Some of the facts have been stipulated, and, as stipulated, they are incorporated herein by reference.
Petitioner is a corporation organized under the laws of the State of New Jersey. Its principal office is located in Jersey City, New Jersey. It filed United States corporation income tax returns for the years 1954, 1955, and 1956 with the district director of internal revenue at Newark, New Jersey. It maintains its books of account and files its income tax returns on a calendar year basis using an accrual method of accounting.
During the years 1954, 1955, and 1956, petitioner was engaged in the business of selling milk and related dairy products*167 to both wholesale and retail customers. The major portion of its annual sales volume during those years consisted of sales to wholesale customers, which included grocery stores, moderate-sized supermarkets, delicatessen stores, luncheonettes, and restaurants.
Under the laws of the State of New Jersey only milk dealers, processors, subdealers, and stores, duly licensed as provided by those laws, are permitted to sell, transport, import, dispose of, store, or distribute milk or otherwise engage in the milk business within that State. During the period involved herein, petitioner was duly licensed to sell milk in the State of New Jersey.
*175 The Office of Milk Industry (hereinafter referred to as OMI) is a legally constituted agency of the State of New Jersey. The director of OMI is empowered by statute to fix the price at which milk is to be bought, sold, or distributed; regulate conditions and terms of sale; establish and require observance of fair trade practices; and supervise, regulate, and control the entire milk industry of the State of New Jersey.
During the year 1954 and the periods January 1, 1955, to February 15, 1955, and June 30, 1956, to December 31, 1956, various*168 orders and regulations of the director of OMI were in full force and effect which established minimum prices for the sale of milk, cream, and milk products in the State of New Jersey. Sales made for less than those prices violated the milk control laws of the State of New Jersey. 1
*169 More milk is consumed in New Jersey than is produced there, necessitating a daily importation of milk into the State. Milk imported into New Jersey could be bought for less than the price of New Jersey produced milk as fixed by OMI. During the period in question certain New Jersey dealers buying from out-of-State producing dairies paid lower prices than those prevailing in New Jersey.

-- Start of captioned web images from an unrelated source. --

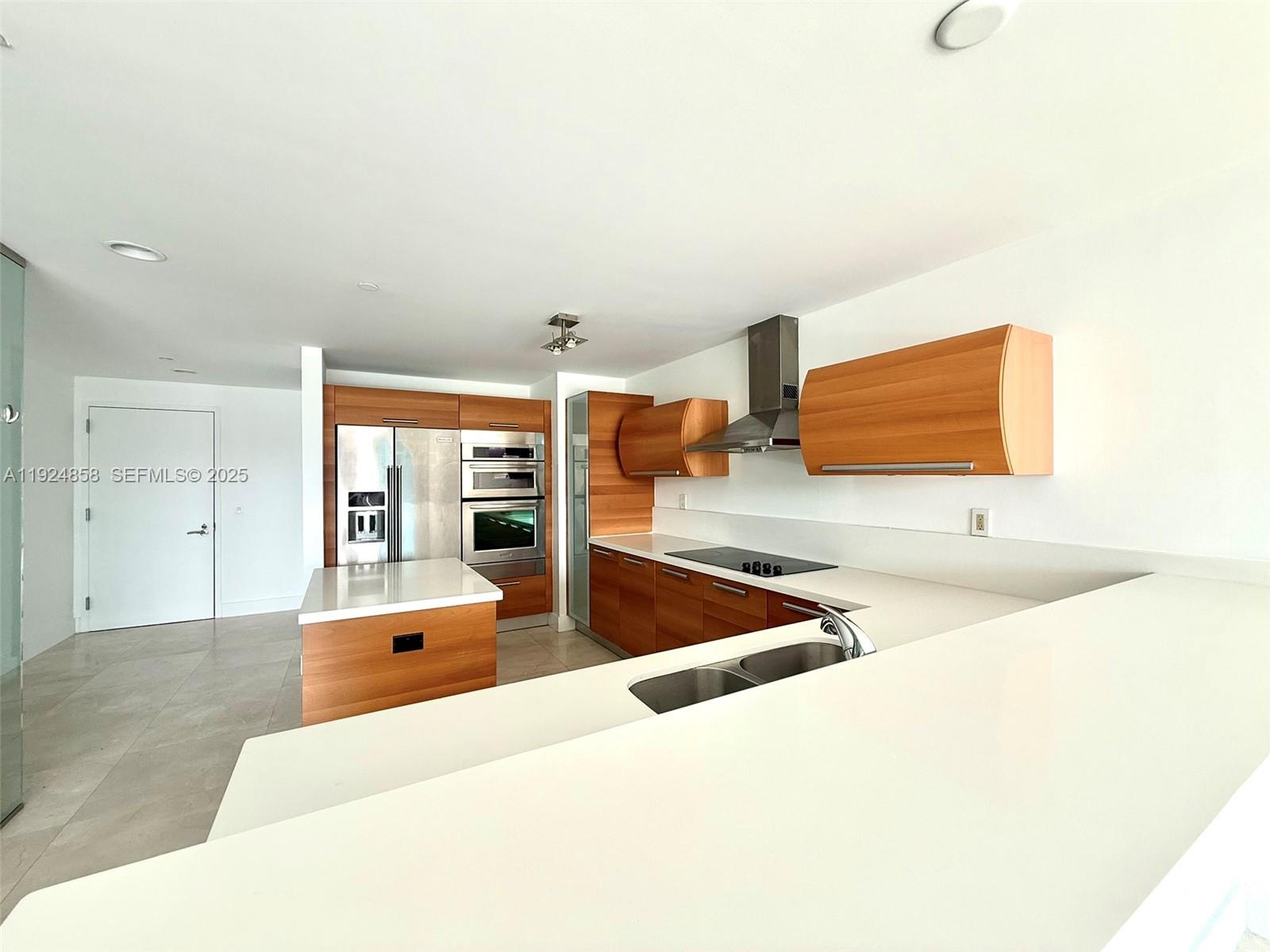 Photo of 2950 188th St  #525, Aventura, Florida, 33180 - 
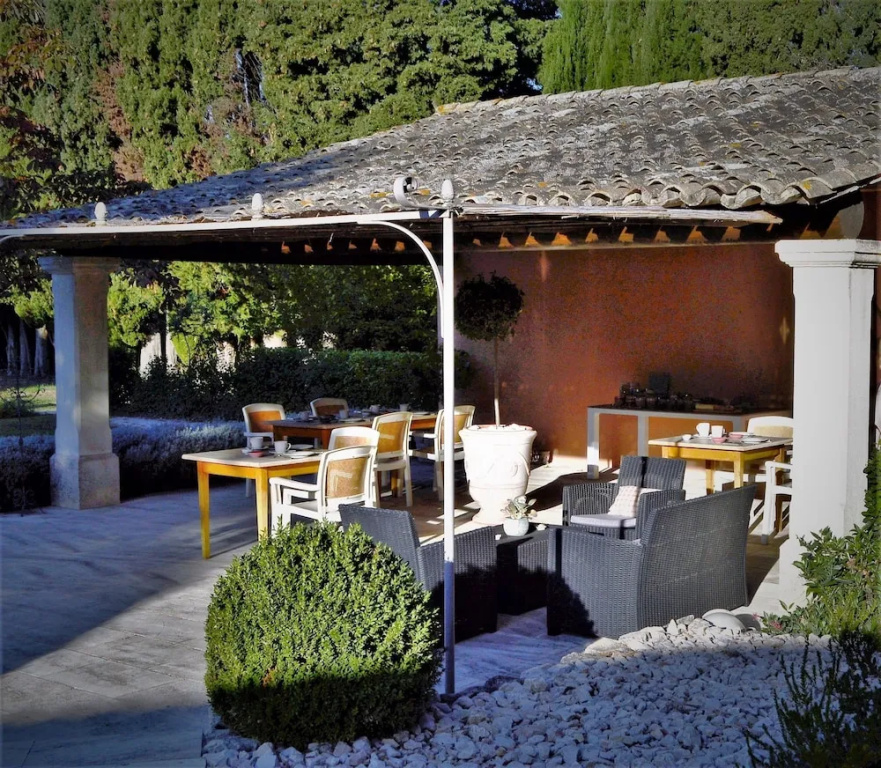 LE CLOS DES CYPRES - Maison dhôtes de Charme - Diner Gourmet & Bien-être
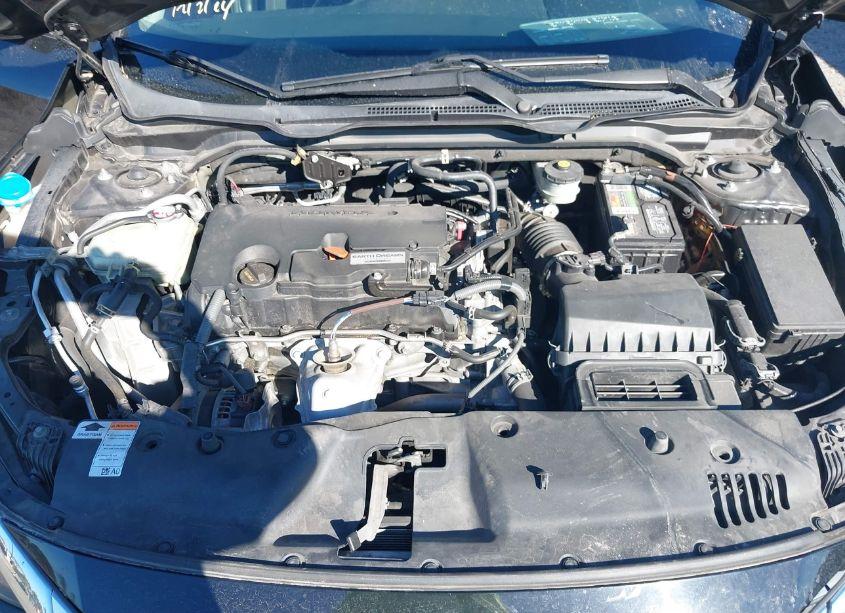 Photo 10 of 2018 Honda Civic LX (VIN 19XFC2F54JE032748)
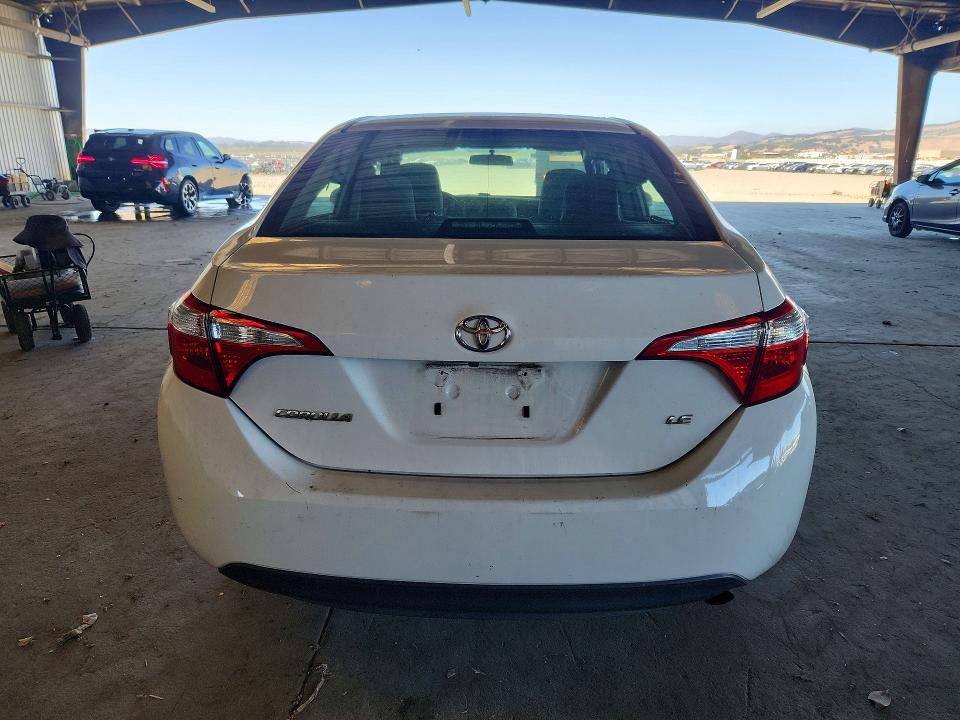 2015 Toyota Corolla VIN 5YFBURHE2FP327824 COPART salvage auction — FRONT END, CA - SALVAGE CERTIFICATE, sold $1,400 on 2026-07-23 (photo 6)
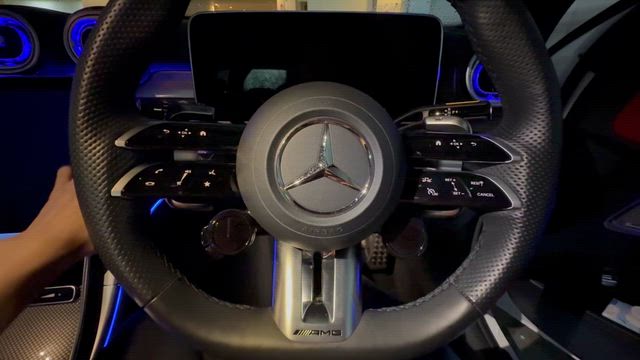 車とBASEGATE横浜の記事動画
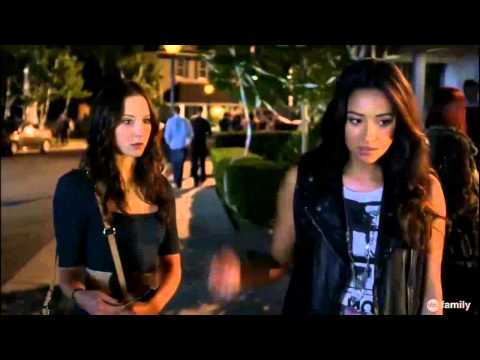 Pretty Little Liars - Spencer vs Emily - "Gamma Zeta Die"  4x05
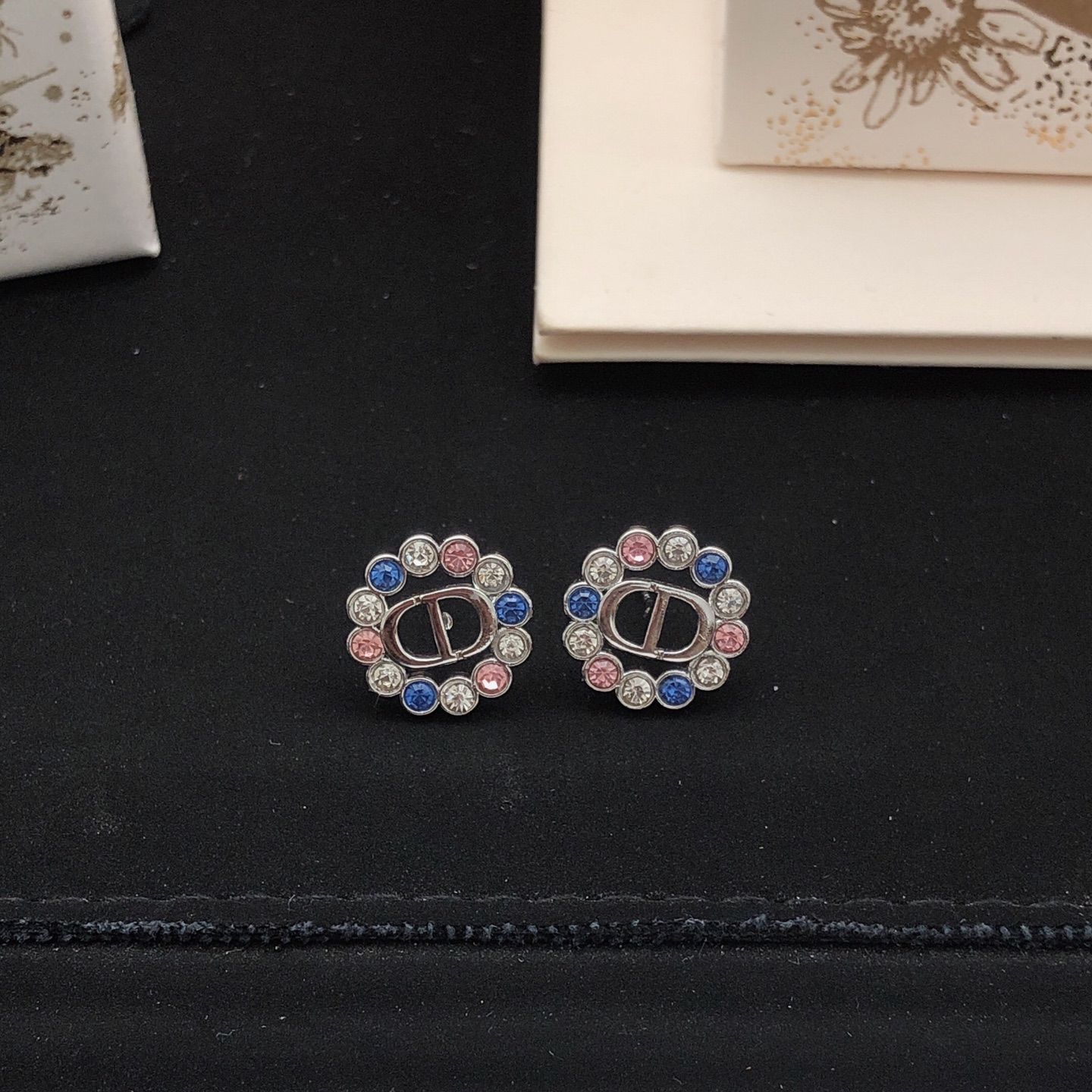 Chanel Haute Joaillerie Fine Jewelry Earrings Necklace Ring Ref.7A67B5AA 7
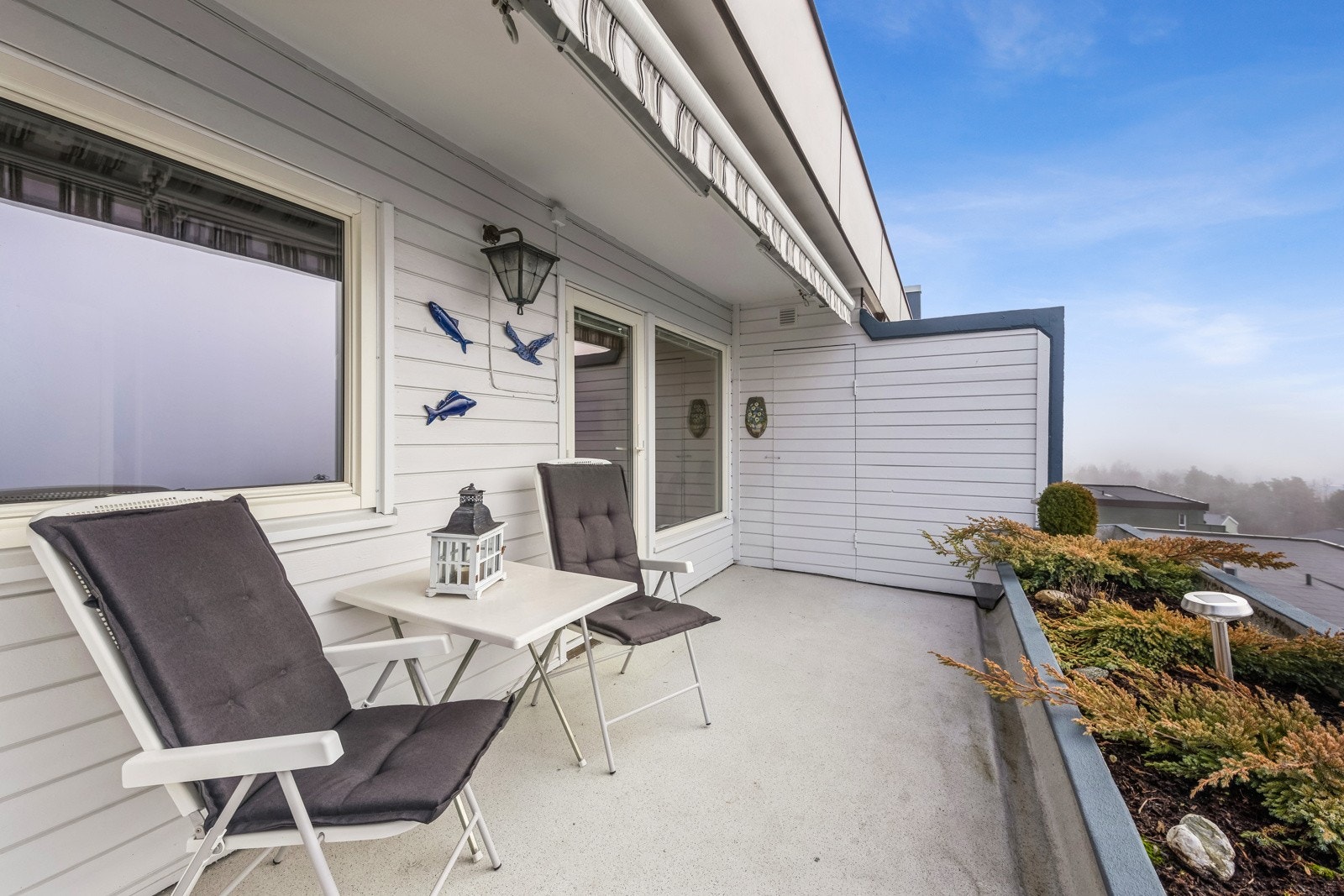 Videre har du tilgang til to utvendige boder på ca. 1,24 m² og 2,48 m². Terassenen er forøvrig også utstyrt med markise og utelys. Galleribilde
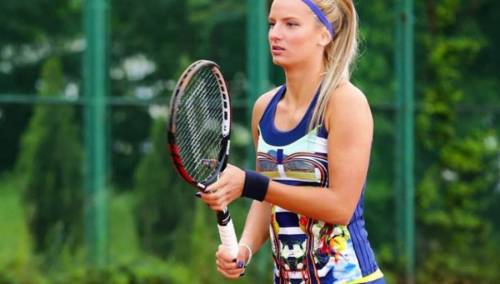 Collins među najboljih deset teniserki svijeta, Herdželaš napredovala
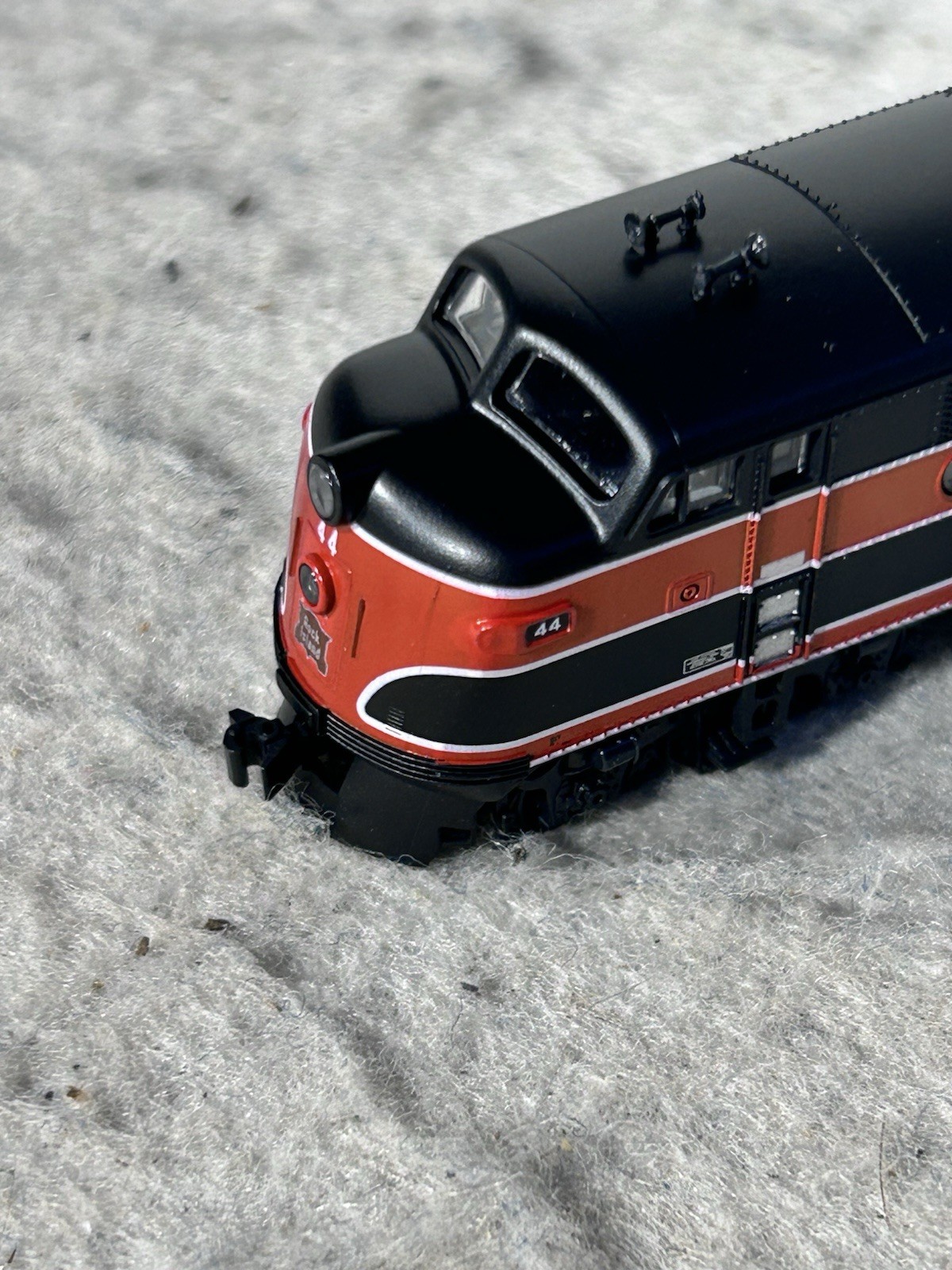 Beautiful KATO Rock Island RR F-3A #44 Locomotive N Gauge ￼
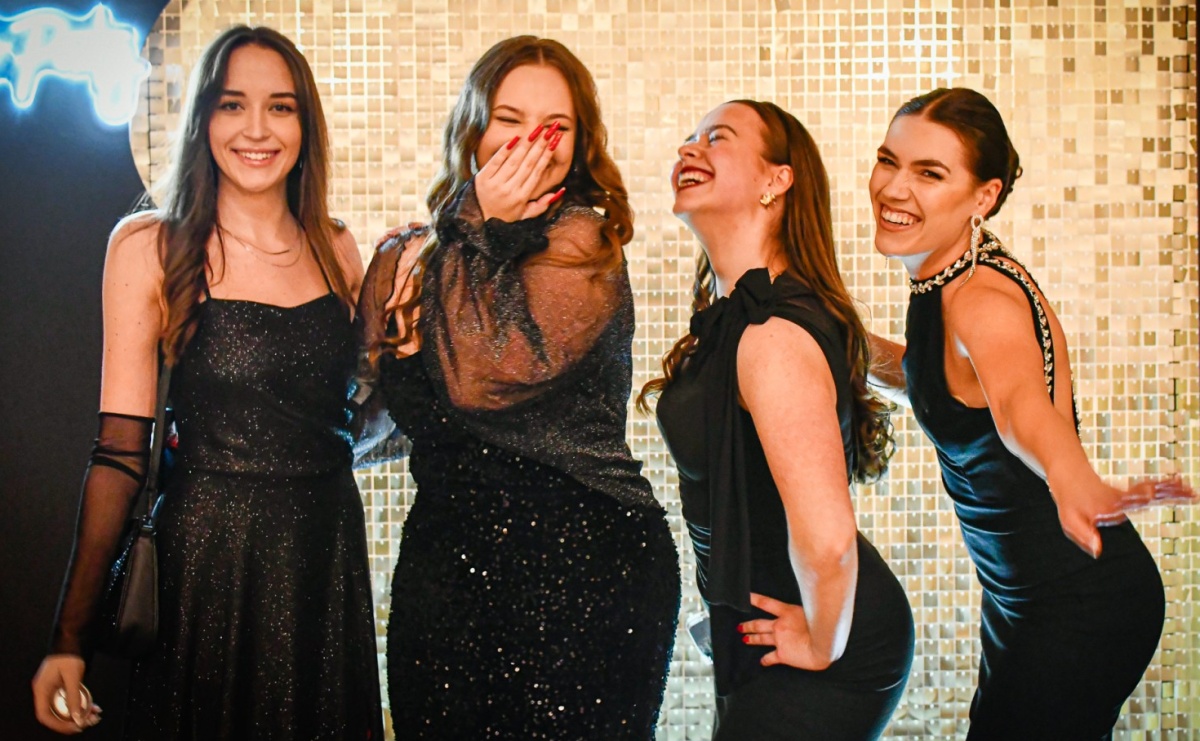 Studniówka raciborskiego Ekonomika [FOTO i WIDEO] - Serwis informacyjny z Raciborza - naszraciborz.pl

During the period here involved, the method used by petitioner for billing sales to its customers, collecting from its customers, and recording such sales and receipts (without taking into account certain rebates hereinafter more fully referred to) was as follows:
(a) Petitioner had in its employ approximately six drivers or routemen. To each driver was assigned a group of petitioner's customers who were located in a particular geographical area. Each day of the week, except Sunday, the drivers would pick up milk and other dairy products at petitioner's main office and then proceed to make deliveries to their assigned customers.
*176 (b) Each driver maintained his own record of sales to and collections from customers. A daily ticket was made out showing products sold to each customer, priced*170 at the minimum legal prices which had been fixed by OMI and which were in effect on the date of the sale. In most instances the driver would present to the customer a daily bill or invoice showing sales for that day billed at OMI minimum prices. The driver would then collect from the customer the amount of the day's bill. In some cases collections were made from customers on a monthly basis. In a very few cases collections were made on a weekly basis. Otherwise, the method of billing and pricing was the same as described above.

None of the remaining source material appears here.